| Exercise description |
Do not include the pictures; repeat the rest of the data exactly.

(Brief descriptive captions)
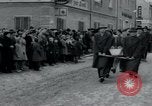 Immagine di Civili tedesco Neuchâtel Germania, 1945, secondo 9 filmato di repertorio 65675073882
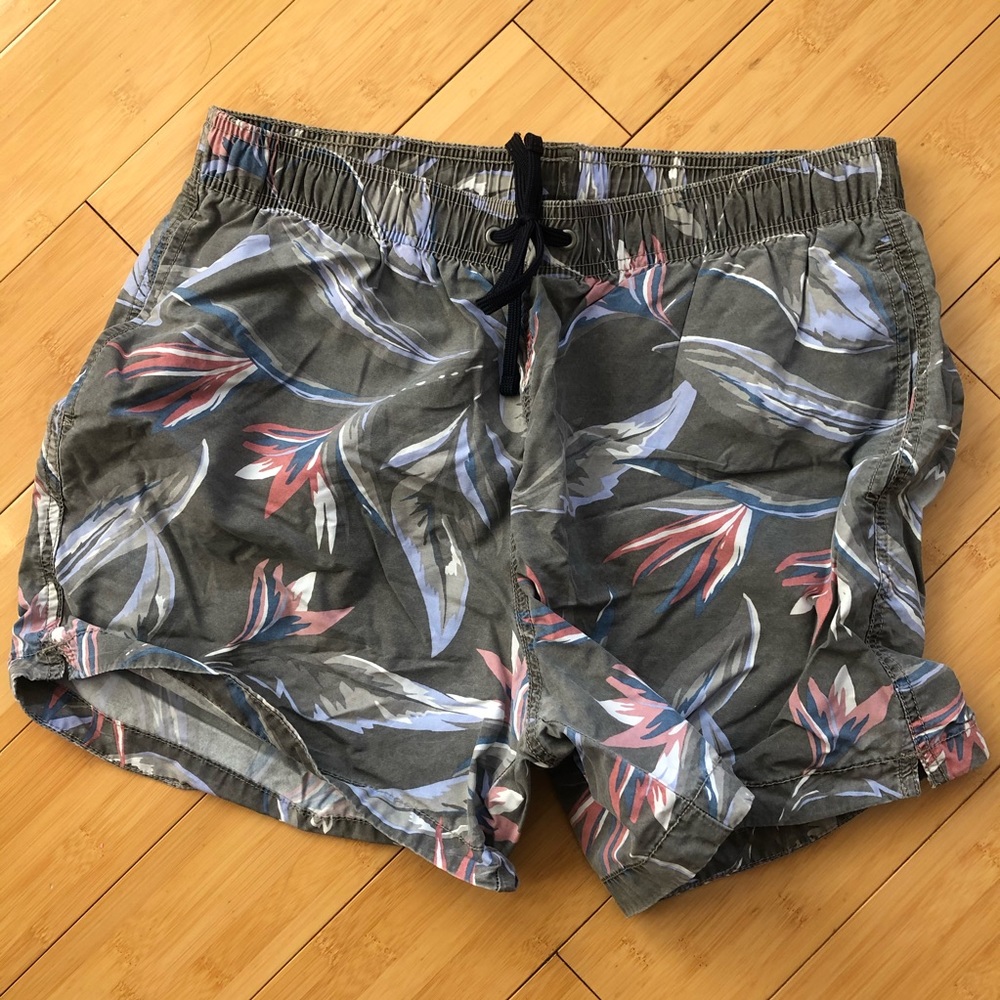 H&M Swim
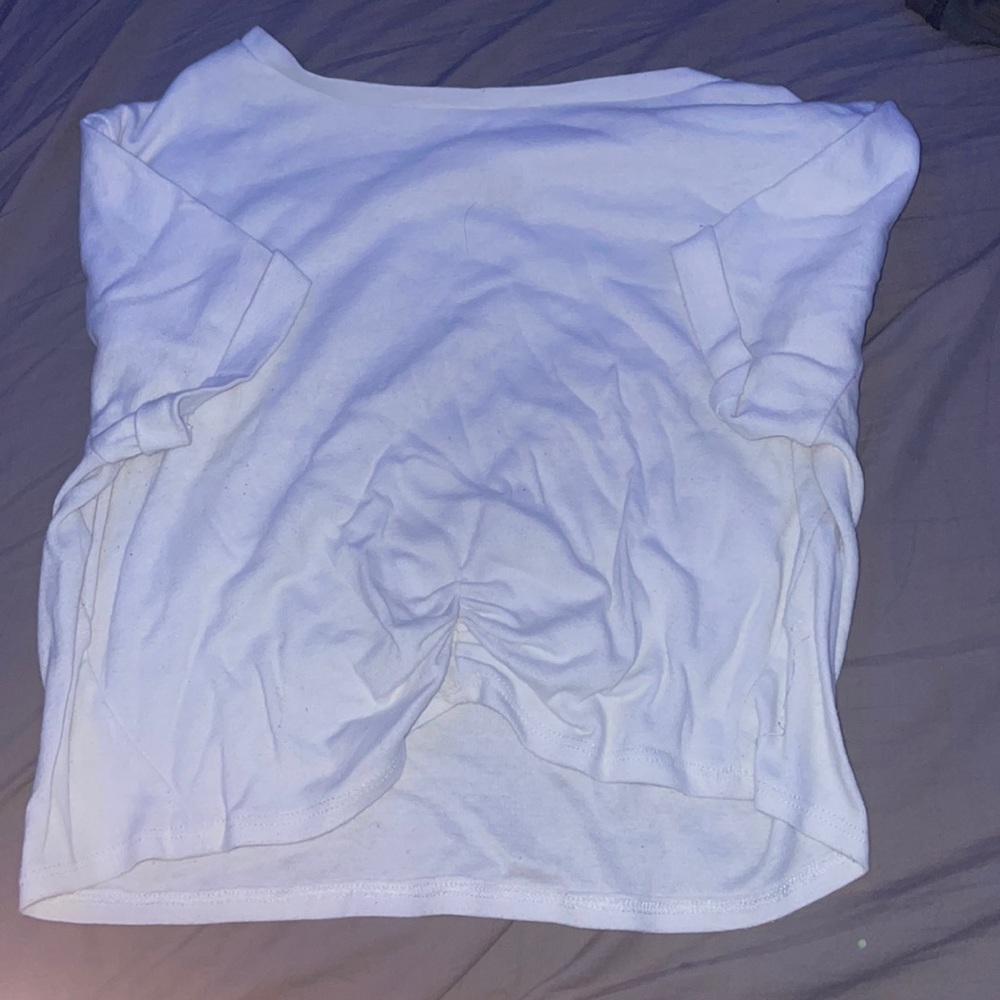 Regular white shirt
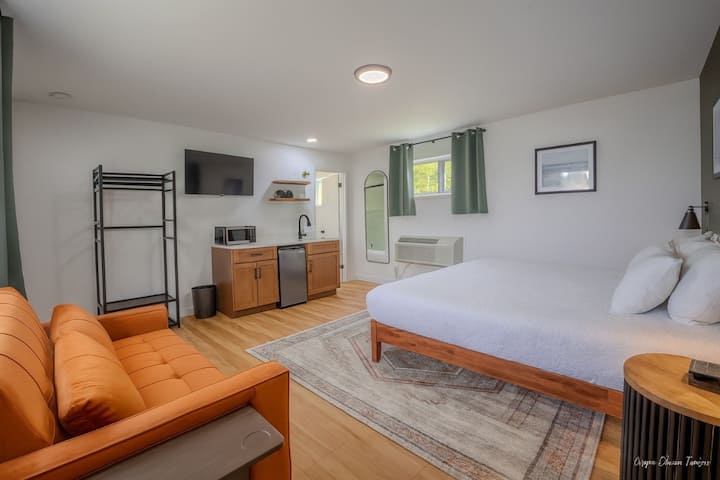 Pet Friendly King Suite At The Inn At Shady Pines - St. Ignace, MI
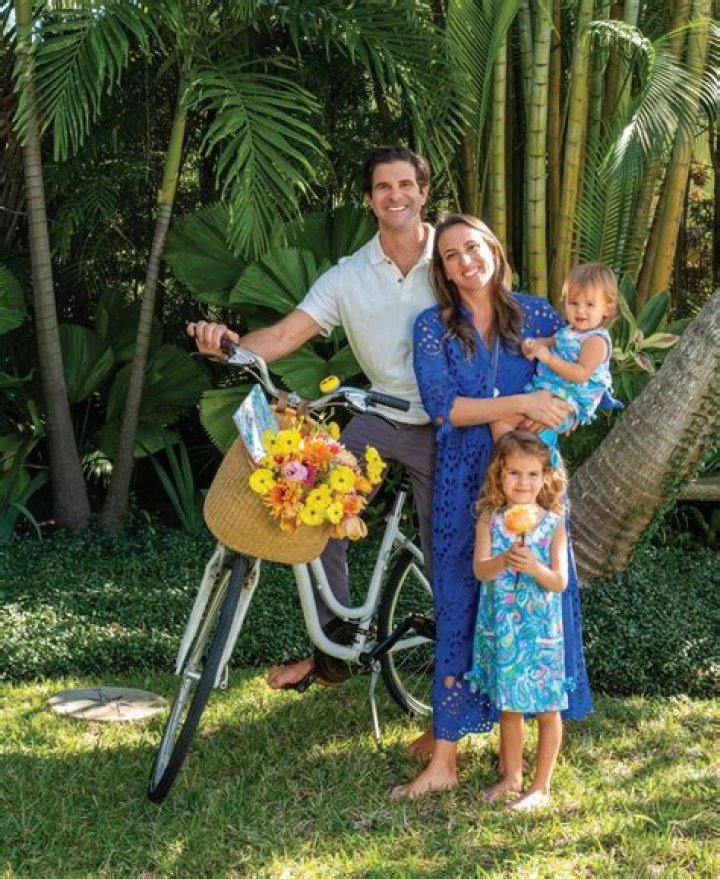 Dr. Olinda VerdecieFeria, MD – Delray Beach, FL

| Result below |
 Immagine di Civili tedesco Neuchâtel Germania, 1945, secondo 9 filmato di repertorio 65675073882
 H&M Swim
 Regular white shirt
 Pet Friendly King Suite At The Inn At Shady Pines - St. Ignace, MI
 Dr. Olinda VerdecieFeria, MD – Delray Beach, FL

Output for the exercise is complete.